The Solicitors Regulation Authority (SRA) have released new guidance surrounding the continuing concern of money laundering within the legal industry. This is designed to be a reminder for all conveyancers to take note and keep applying the appropriate precautions.
According to the SRA, it is estimated between £23 billion and £57 billion is laundered within the UK every year, with conveyancing firms being one of the prime targets for criminals.
The Financial Action Taskforce (FATF) claim criminals use legal professionals in order to "devise complicated schemes to launder vast amounts of money". Those who fall victim to money laundering are labelled as "professional enablers" by the SRA.
The main types of money laundering schemes, according to the FATF, usually fall within the following groups:
- Misuse of client accounts
- Property purchases
- Through the creation and management of businesses and trusts
- Managing client affairs and making introductions
This latest SRA report entitled "Cleaning up: Law firms and the risk of money laundering" sets out practical guidance extracted from a wide range of sources that can be put into practice by firms across the nation.

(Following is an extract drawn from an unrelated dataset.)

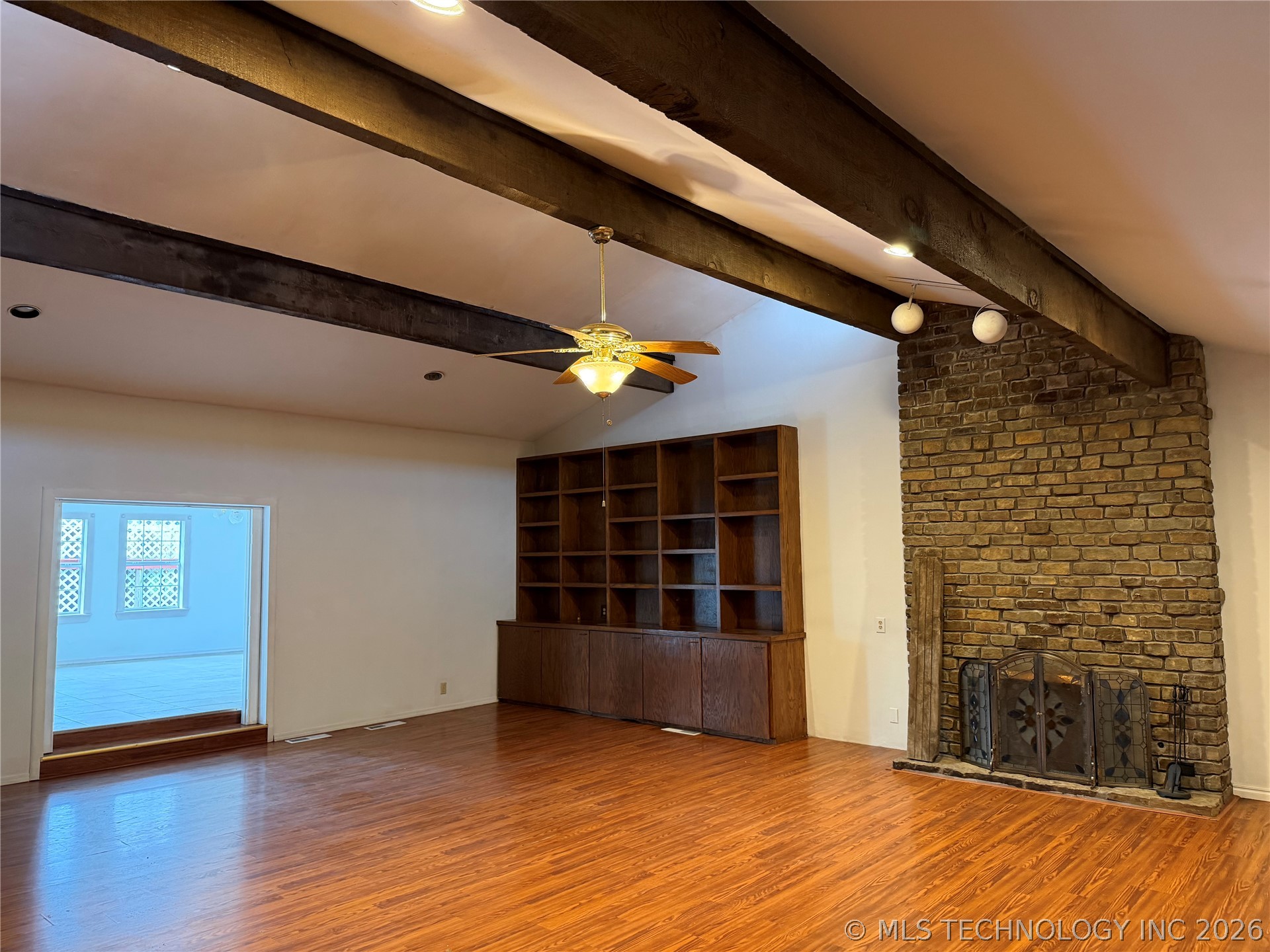 5212 S Columbia Place Property Photo 3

To support this resource, the SRA are working with the National Crime Agency (NCA) and the Home Office to provide advice on how conveyancing firms can safeguard themselves against money laundering.

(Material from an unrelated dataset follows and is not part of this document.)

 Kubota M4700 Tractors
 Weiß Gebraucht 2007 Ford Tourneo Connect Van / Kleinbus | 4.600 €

As part of this partnership, the Home Office is planning to launch an anti-money laundering campaign aimed at solicitors. The NCA are also said to be formulating a supporting action plan.
Good practice advice has been given by the SRA as a reminder to all those within the legal industry of their obligations. Actions that firms are advised to take to detract money laundering include:
- Meeting clients face-to-face and using original ID documentation. Extra care must be taken if this is not possible.
- Investigating further and seeking advice where necessary.
- Ensuring the Money Laundering Reporting Officer (MLRO) is competent in applying sufficient safeguarding and reporting any issues.
- Providing adequate training to all staff.
This advice within the report complies with legislation set out in the Money Laundering Regulation 2007, the Proceeds of Crime Act 2002 and the Terrorism Act 2000.
Many conveyancers merely ask to see their clients with their documentation, making no electronic checks at all. With the FATF investigating the issues in more detail, it raises the question as to whether more conveyancers will start to look into taking more advanced precautions against these issues.
Money laundering schemes are said to develop and adapt on a regular basis, so the SRA recommends to keep up to date with the latest trends, which are alerted on the SRA website, as well as through the Law Society, FATF, and the NCA.
If your firm suspects any suspicious activity, the SRA reminds to seek advice and report the issue to the NCA using Suspicious Activity Reports (SAR). Further guidance is soon to be released regarding what is required within a SAR, as the NCA will reject any reports that fail to contain the required details.